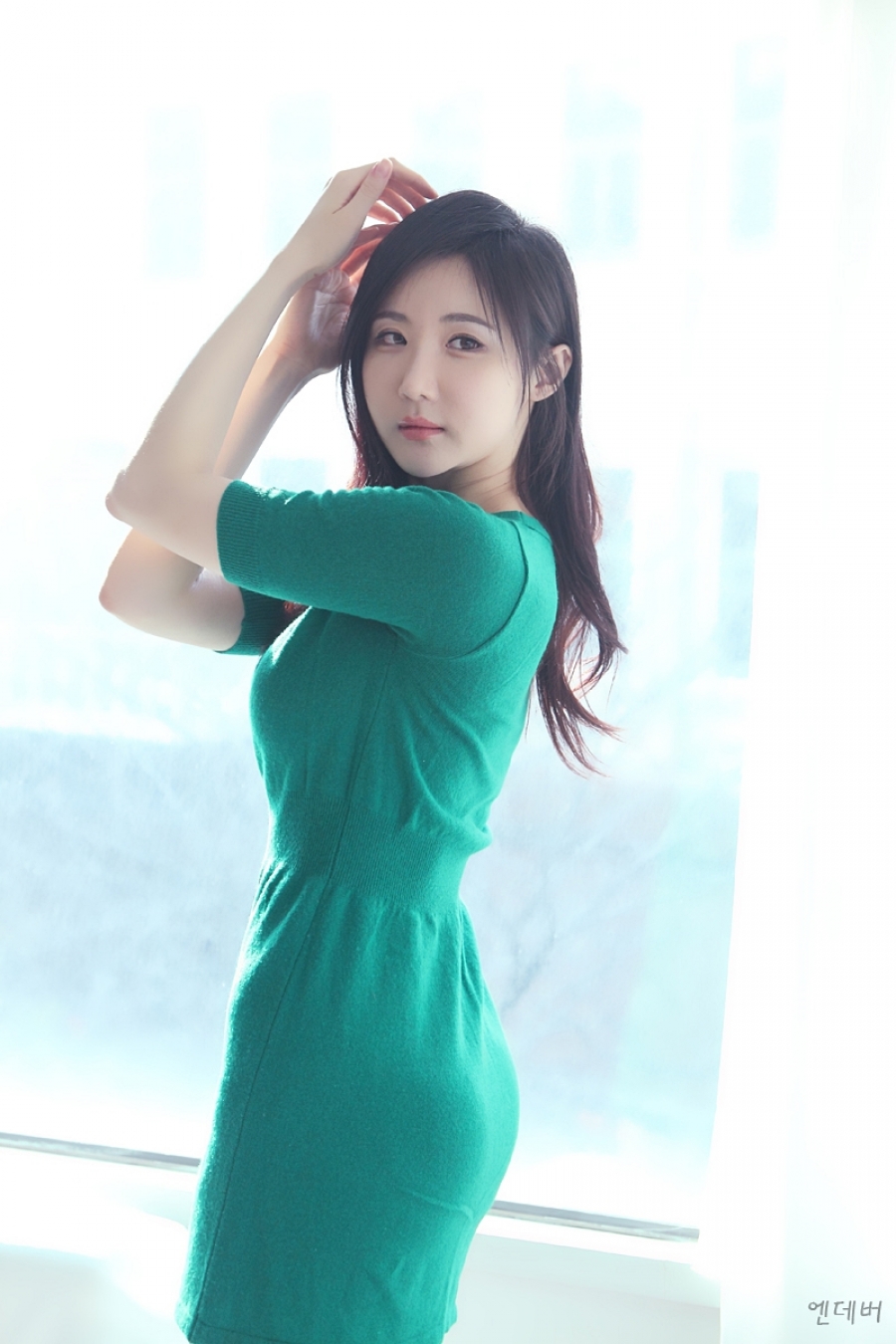 Yoen Da Bin chân dài mông cong gợi cảm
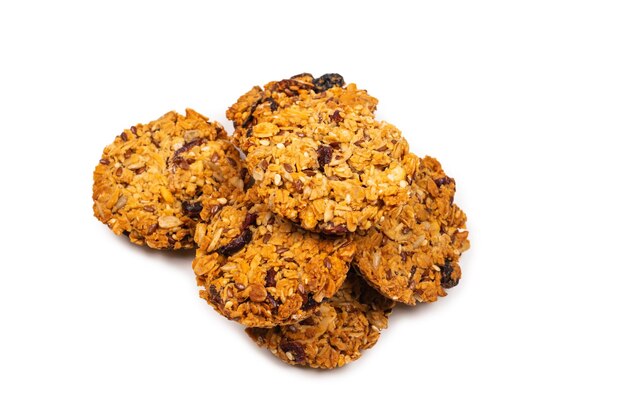 Galletas de granola aisladas sobre fondo blanco.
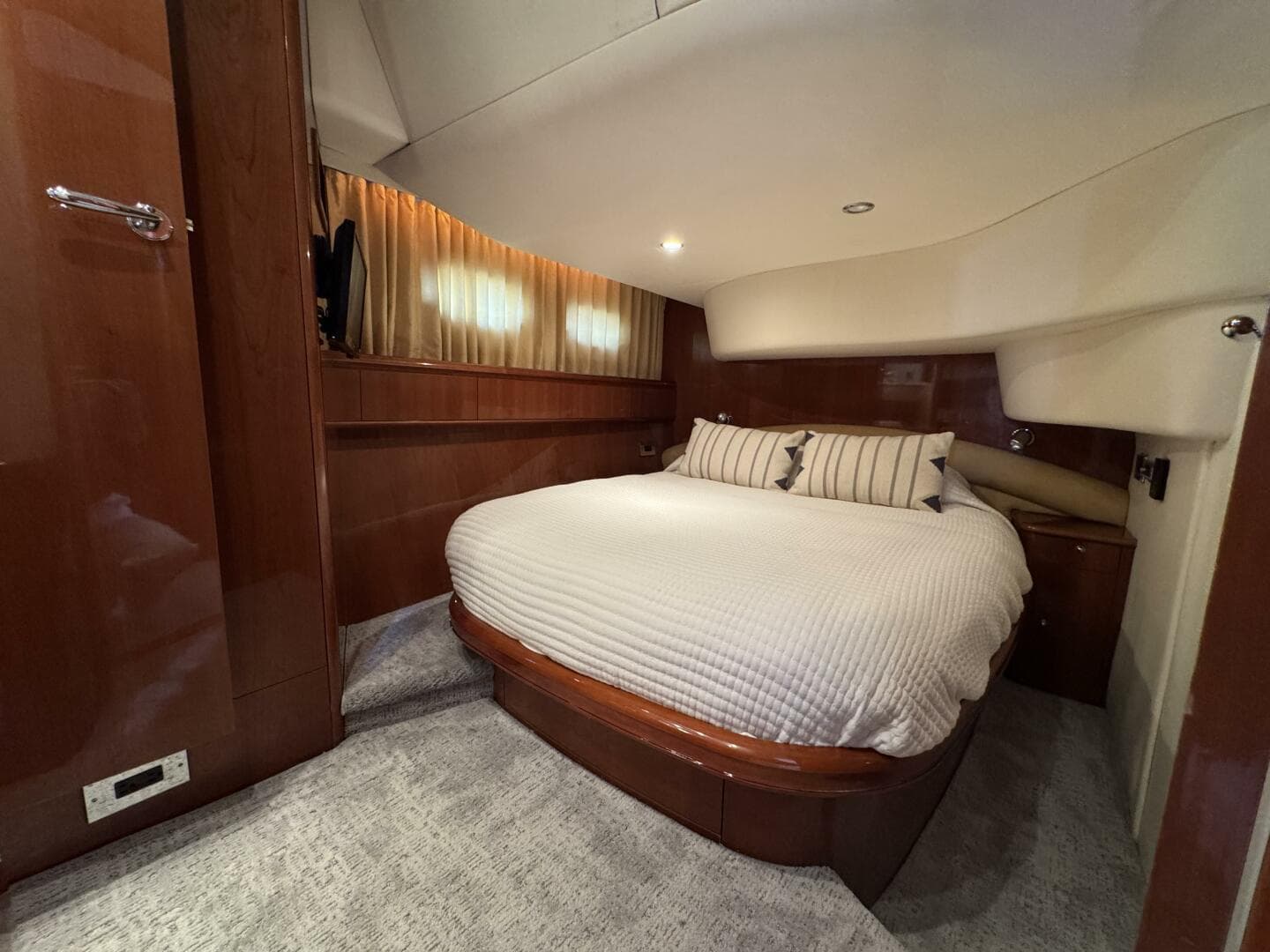 2005 Princess 50 Flybridge — photo 19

—————

With the pictures omitted, reproduce the data above exactly.

 Yoen Da Bin chân dài mông cong gợi cảm
 Galletas de granola aisladas sobre fondo blanco.
 2005 Princess 50 Flybridge — photo 19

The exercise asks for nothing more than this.